The ladders are awful, though. The rest of the game’s pretty good if I recall correctly. I know there are a hundred reasons to praise it – the fidelity of its environments, meaningful choice of behaviour, talking to the monsters – but the abiding reason I feel so warm towards it is that, together with Half-Life, it was perhaps the first action game that had me feeling as though I was on a journey, full of unexpected turns and surprises, and which felt personal as well as merely combative. I felt I was doing something more than simply play through the levels of a videogame until a conclusion was reached. It all seemed to matter this time. This created an expectation (or entitlement?) which remains with me to this day, God help me.
My experience with Deus Ex is similar to Alec’s. I didn’t write a letter about ladders but Denton’s cyberpunk adventures elevated my expectations about what games could do.
I bought Deus Ex at a time when games were precious commodities, things that I saved for and stuck with until the end, bitter or sweet. I didn’t play a lot of games back then but the games that I did play were constant companions. Every detail mattered, and every nook and cranny was placed under a microscope. I tried everything, experimenting with abilities and AI quirks, pushing everything in the game until it broke. And things did break from time to time, but they usually did so in a way that fit the internal consistency of the world. More than anything else, what I remember when I think of Deus Ex is how convincing its rules were and how much I believe in its world.
Little did I realise, Deus Ex is one of the few games that supports such close scrutiny. There are points when its limits are uncomfortably clear but, on the whole, it’s a game that supported whatever playstyle I threw at it. This, I thought at the time, is how games work now. Good.

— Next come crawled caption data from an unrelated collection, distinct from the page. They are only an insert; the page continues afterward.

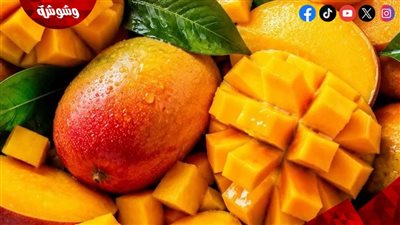 من العويس الفاخر إلى الكيت المتماسك.. دليلك لاختيار مانجو الموسم بكل احترافية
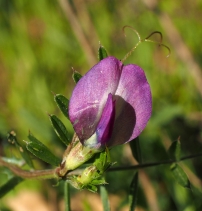 Vicia sativa ssp. nigra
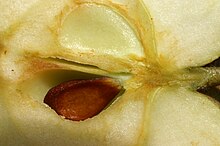 [2] Apfelkern im Gehäuse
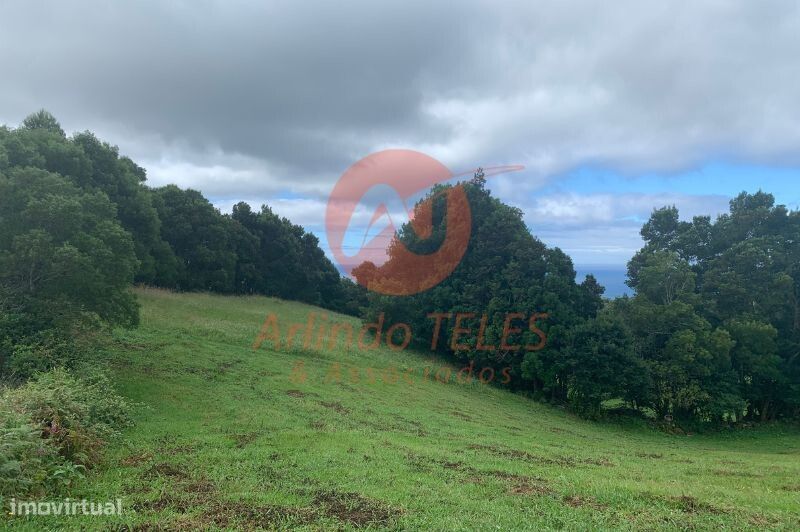 Venda Terreno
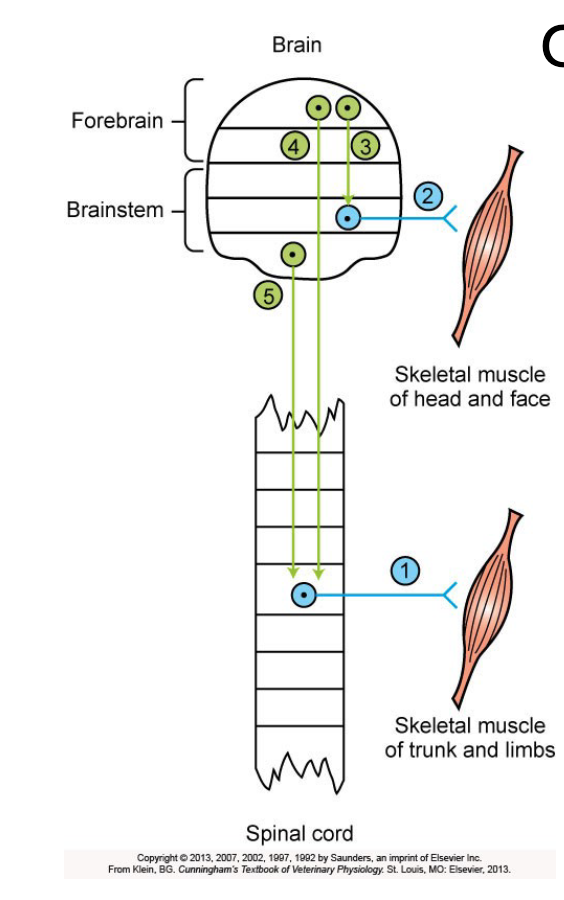 <p>upper motor neurons - stay in CNS adn control lower motor neurons</p><p>lower alpha motor neurons - exit CNS (ventral horn)and innervate skeletal muscles</p>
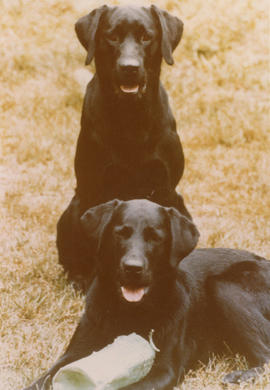 Sydney Hamber's Labrador Retrievers Winston and Shawna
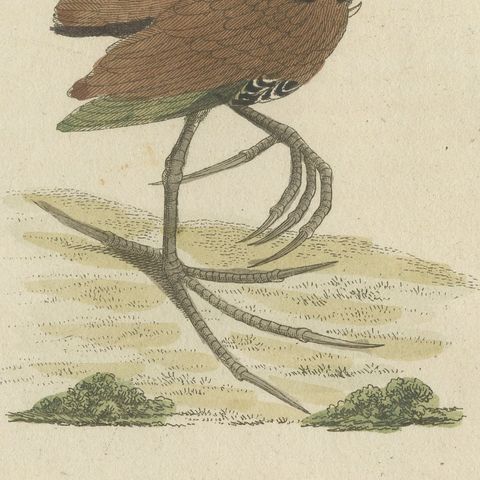 Jacanas and Wading Birds with Long Toes, Antique Bertuch Print, circa 1805, close-up 4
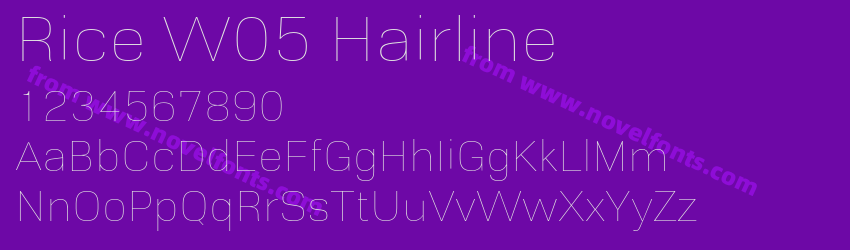 Rice W05 HairlinePreview Rice W05 HairlinePreview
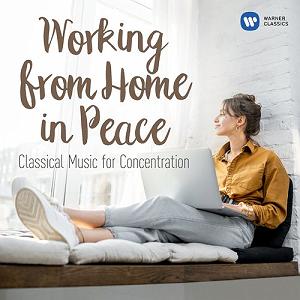 Horn Concerto  mozart Mozart Piano Concerto No. 20 in D Minor, K. 466 II. Romance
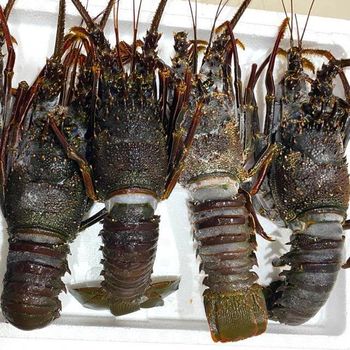 Frozen Lobster Tail Collection Featuring Rich Natural Flavor Tender Texture And Dependable International Supply from TOSOH INTERNATIONAL Frozen Lobster Tail Collection Featuring Rich Natural Flavor Tender Texture And Dependable International Supply - TOSOH INTERNATIONAL - South Africa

Whether age has been kind to Deus Ex or not, I can’t say with any certainty. It still feels like the game I loved when I first encountered it and I’m incapable of removing my rose-tinted super-cool-in-the-nineties shades. It’s one of the games that set the bar as to what I expect from first-person games of its kind though and that’s a good thing. It made me more demanding, sure, but it also made me appreciate the craft of generous, open-ended game design.
Deus Ex taught me to look closely and to question every element of a level’s design and a digital world’s integrity. It’s an education.
I petulantly avoided Deus Ex for almost a year. With chums chattering about opening lockers with crossbow bolts, finding secret routes, and skipping entire boss battles, I’d assumed it was one of the stat-heavy classic RPGs I found tedious – I didn’t even look at screenshots. I only played it when a pal thrust a burnt copy upon me, insisting I’d like it. I bought it very soon after.
Deus Ex trusted me and rewarded my curiosity. I found new routes and secret things because I went looking, not because I passed a perception check. People liked me because of things I’d done, not because of a charm stat. Its weapons, tools, and skills let me play as I wanted by changing my loadout rather than rerolling a new character. I woke, and euthanised, a man in cryogenic suspension because I was nosey.
We had a disagreement in the RPS treehouse recently over the opening level. Alec said the promise of Liberty Island was what we remember fondly recall about Deus Ex, while I said Liberty Island is awful guff and Hell’s Kitchen is when Deus Ex opens up. It felt like a larger world I was moving within, picking my way through it and uncovering mysteries by poking my beak in – and I’d surely never understand everything going on.
Deus Ex put me in a world and encouraged me to be curious. I wasn’t trying to min-max levels, find treasure, or clear a quest log; I wanted to see what I could do, find and learn.